[[ Data under study, beginning ]]

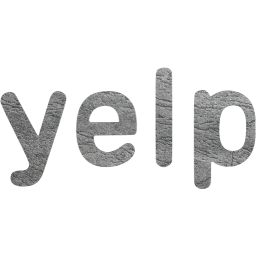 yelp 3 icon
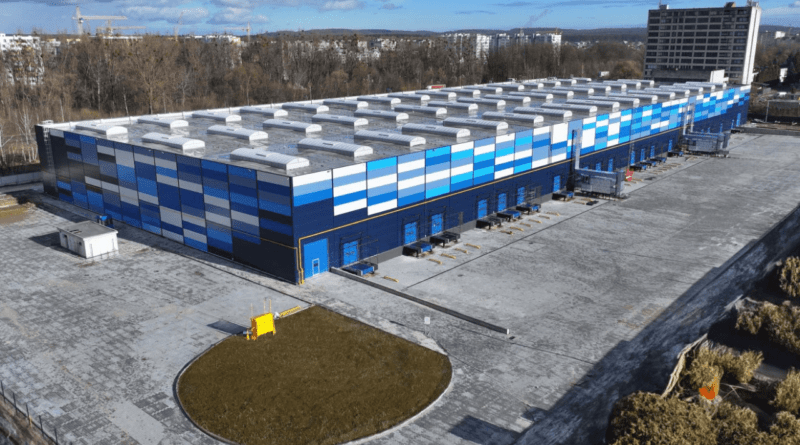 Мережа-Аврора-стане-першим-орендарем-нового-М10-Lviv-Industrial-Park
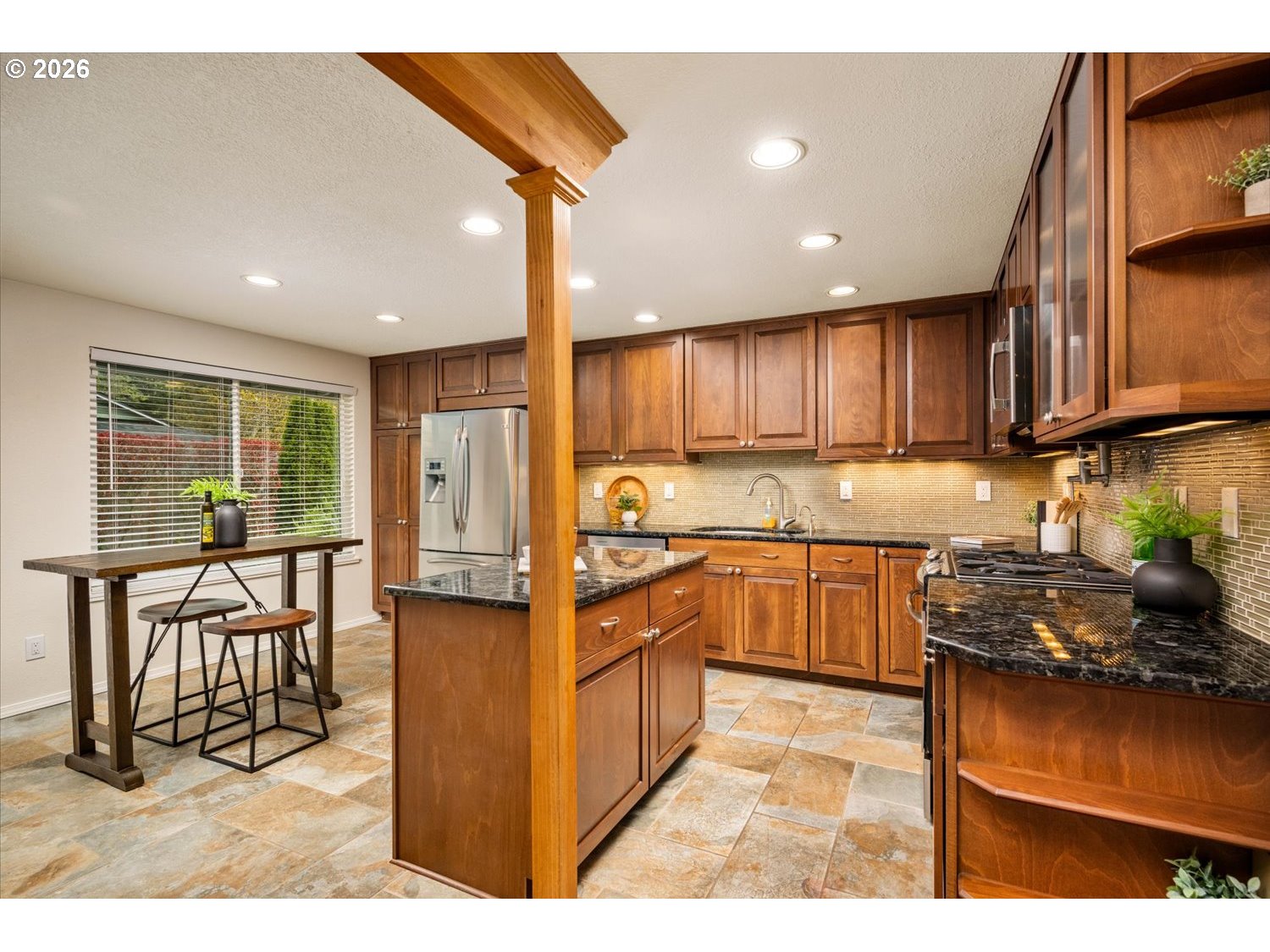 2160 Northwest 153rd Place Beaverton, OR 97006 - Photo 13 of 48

[[ Data under study, end ]]
[[ Data under study, beginning ]]

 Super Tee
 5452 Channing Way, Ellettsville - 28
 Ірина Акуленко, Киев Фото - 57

[[ Data under study, end ]]

Copy exactly the material above from the line with "Мережа-Аврора-стане-першим-о" to the line with "2160 Northwest 153rd", ends included, and nothing else. Leave out any picture.

Response to this task —
 Мережа-Аврора-стане-першим-орендарем-нового-М10-Lviv-Industrial-Park
 2160 Northwest 153rd Place Beaverton, OR 97006 - Photo 13 of 48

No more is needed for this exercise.